***** Provided entries

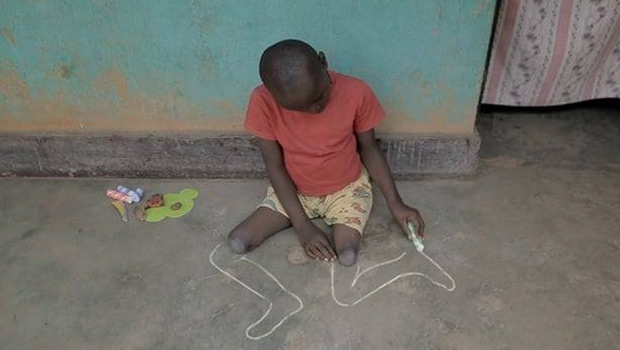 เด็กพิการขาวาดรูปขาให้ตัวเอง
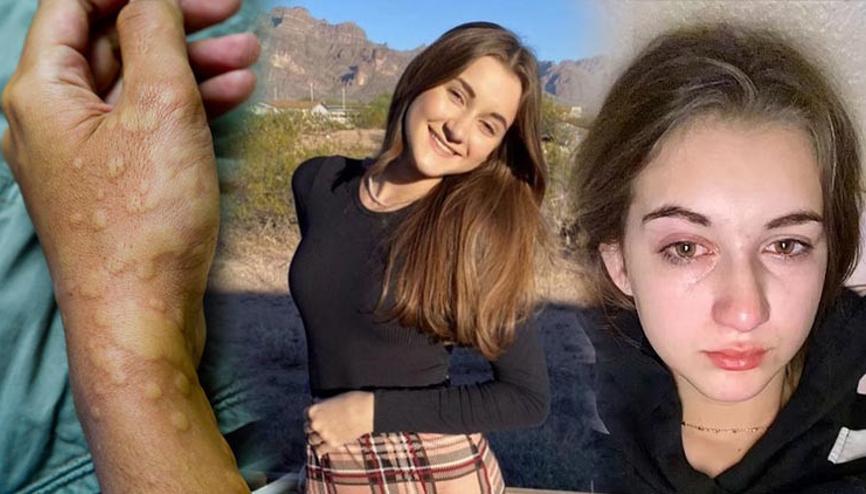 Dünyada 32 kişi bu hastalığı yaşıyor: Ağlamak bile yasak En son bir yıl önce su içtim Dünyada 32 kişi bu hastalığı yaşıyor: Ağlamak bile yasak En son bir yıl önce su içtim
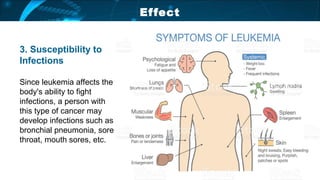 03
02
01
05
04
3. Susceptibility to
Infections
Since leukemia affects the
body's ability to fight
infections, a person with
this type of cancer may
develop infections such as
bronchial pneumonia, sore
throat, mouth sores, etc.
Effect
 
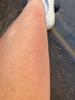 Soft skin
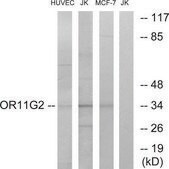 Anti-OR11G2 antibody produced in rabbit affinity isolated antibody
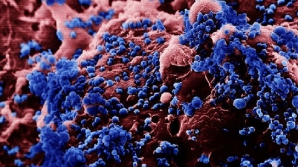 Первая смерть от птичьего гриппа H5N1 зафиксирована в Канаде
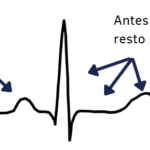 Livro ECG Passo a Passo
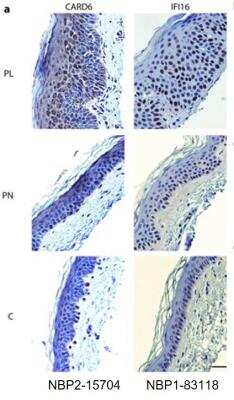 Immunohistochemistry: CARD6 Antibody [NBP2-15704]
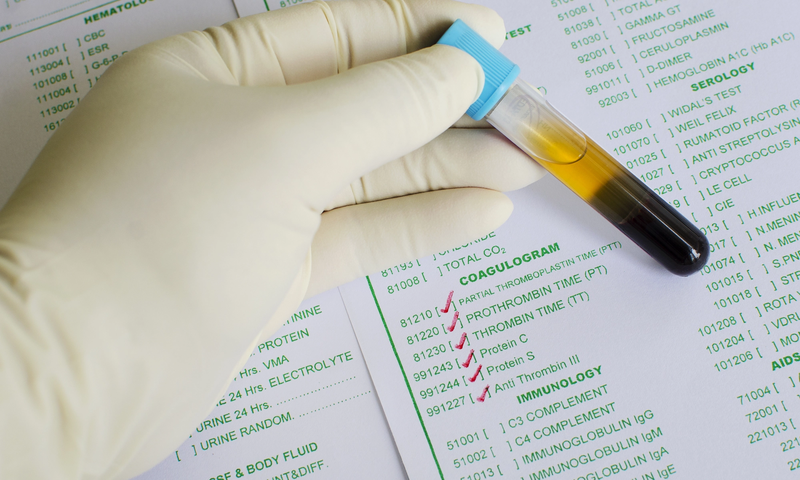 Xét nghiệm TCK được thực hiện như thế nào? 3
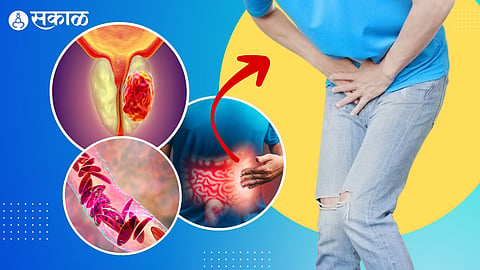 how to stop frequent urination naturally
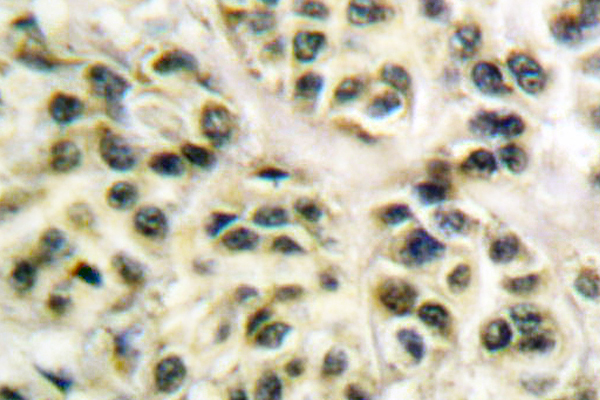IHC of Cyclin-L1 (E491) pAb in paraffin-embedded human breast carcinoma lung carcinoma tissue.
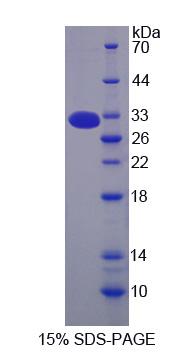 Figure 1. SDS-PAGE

**********
***** Provided entries

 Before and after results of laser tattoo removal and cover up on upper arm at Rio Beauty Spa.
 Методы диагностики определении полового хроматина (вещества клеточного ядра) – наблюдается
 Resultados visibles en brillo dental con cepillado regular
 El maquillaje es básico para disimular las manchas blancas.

**********
***** Provided entries

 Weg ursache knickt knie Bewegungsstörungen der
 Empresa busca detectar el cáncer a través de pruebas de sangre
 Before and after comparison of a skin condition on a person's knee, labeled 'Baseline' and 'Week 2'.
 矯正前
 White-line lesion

**********

● Task brief: Beginning with the line above that contains "เด็กพิการขาวาดรูปขาให้ตัวเอง" and finishing with the line that contains "Figure 1. SDS-PAGE", print those lines exactly and only. Skip all pictures.

● The completed task:
 เด็กพิการขาวาดรูปขาให้ตัวเอง
 Dünyada 32 kişi bu hastalığı yaşıyor: Ağlamak bile yasak En son bir yıl önce su içtim Dünyada 32 kişi bu hastalığı yaşıyor: Ağlamak bile yasak En son bir yıl önce su içtim
 03
02
01
05
04
3. Susceptibility to
Infections
Since leukemia affects the
body's ability to fight
infections, a person with
this type of cancer may
develop infections such as
bronchial pneumonia, sore
throat, mouth sores, etc.
Effect
 
 Soft skin
 Anti-OR11G2 antibody produced in rabbit affinity isolated antibody
 Первая смерть от птичьего гриппа H5N1 зафиксирована в Канаде
 Livro ECG Passo a Passo
 Immunohistochemistry: CARD6 Antibody [NBP2-15704]
 Xét nghiệm TCK được thực hiện như thế nào? 3
 how to stop frequent urination naturally
IHC of Cyclin-L1 (E491) pAb in paraffin-embedded human breast carcinoma lung carcinoma tissue.
 Figure 1. SDS-PAGE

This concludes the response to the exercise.